Ron Loui is an Associate Professor in Computer Science and Engineering. He is the author of over seventy articles in leading technical journals published over the past two decades including AI Journal, Cognitive Science, Computational Intelligence, Journal of Philosophy, Journal of Symbolic Logic, MIT Encyclopedia on Cognitive Science, AI and Law, Theory and Decision, CACM, and ACM Computing Surveys. He was a Stanford Sloan Fellow and received his undergraduate degree at Harvard with high honors in Applied Mathematics: Decision and Control, 1982. He received a joint Computer Science and Philosophy doctoral degree from the University of Rochester after a MS, in 1987.
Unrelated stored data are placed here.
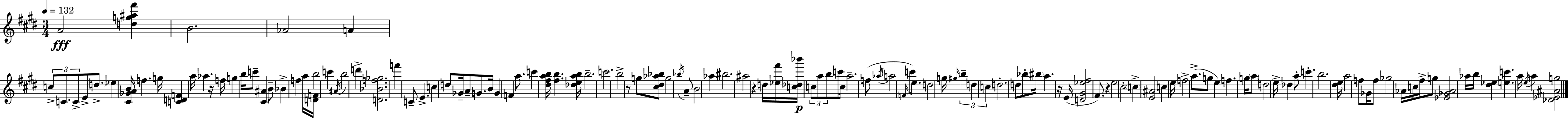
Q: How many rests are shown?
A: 5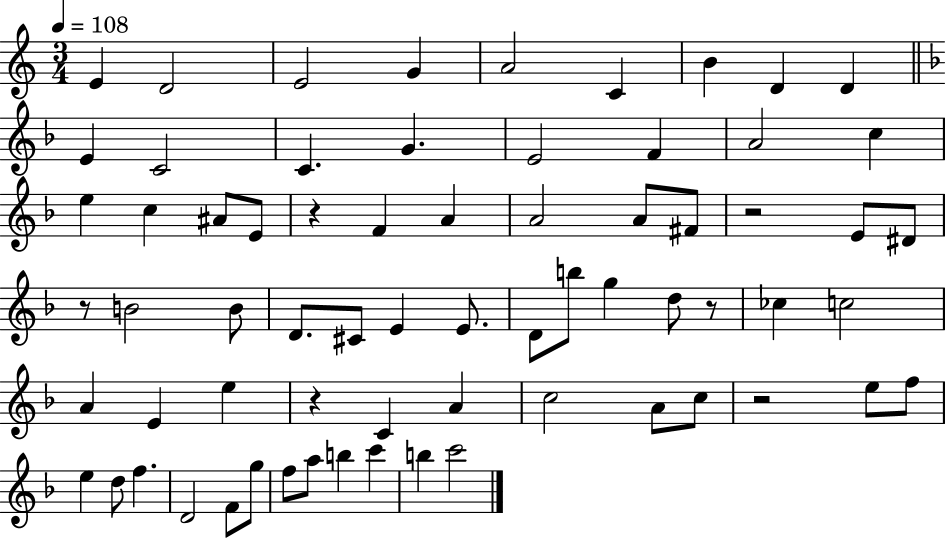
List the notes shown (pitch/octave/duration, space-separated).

E4/q D4/h E4/h G4/q A4/h C4/q B4/q D4/q D4/q E4/q C4/h C4/q. G4/q. E4/h F4/q A4/h C5/q E5/q C5/q A#4/e E4/e R/q F4/q A4/q A4/h A4/e F#4/e R/h E4/e D#4/e R/e B4/h B4/e D4/e. C#4/e E4/q E4/e. D4/e B5/e G5/q D5/e R/e CES5/q C5/h A4/q E4/q E5/q R/q C4/q A4/q C5/h A4/e C5/e R/h E5/e F5/e E5/q D5/e F5/q. D4/h F4/e G5/e F5/e A5/e B5/q C6/q B5/q C6/h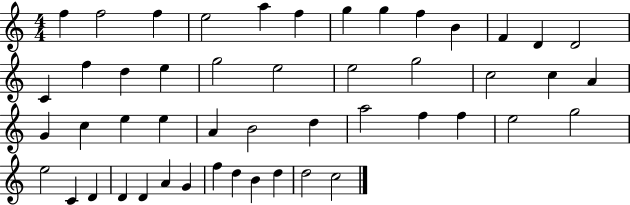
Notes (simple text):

F5/q F5/h F5/q E5/h A5/q F5/q G5/q G5/q F5/q B4/q F4/q D4/q D4/h C4/q F5/q D5/q E5/q G5/h E5/h E5/h G5/h C5/h C5/q A4/q G4/q C5/q E5/q E5/q A4/q B4/h D5/q A5/h F5/q F5/q E5/h G5/h E5/h C4/q D4/q D4/q D4/q A4/q G4/q F5/q D5/q B4/q D5/q D5/h C5/h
Young Cho is a Visiting Assistant Professor in the Computer Science and Engineering Department of Washington University in St. Louis. He has earned his BA in Computer Science from UC Berkeley while working under the supervision of Prof. David Patterson and Prof. David Culler, MSE in Computer Engineering at UT Austin under Prof. Brian Evans, and Ph.D in Electrical Engineering at UCLA under Prof. Mangione-Smith. He has also worked under the supervision of Dr. Charles Seitz and Dr. Danny Cohen at a high performance interconnect company, Myricom, Inc. He has designed and implemented a number of high performance research and development projects as well as commercial products during his career. His areas of expertise include network security, computer networks, high performance computer architecture, and reconfigurable computers. He is a member of IEEE and ACM.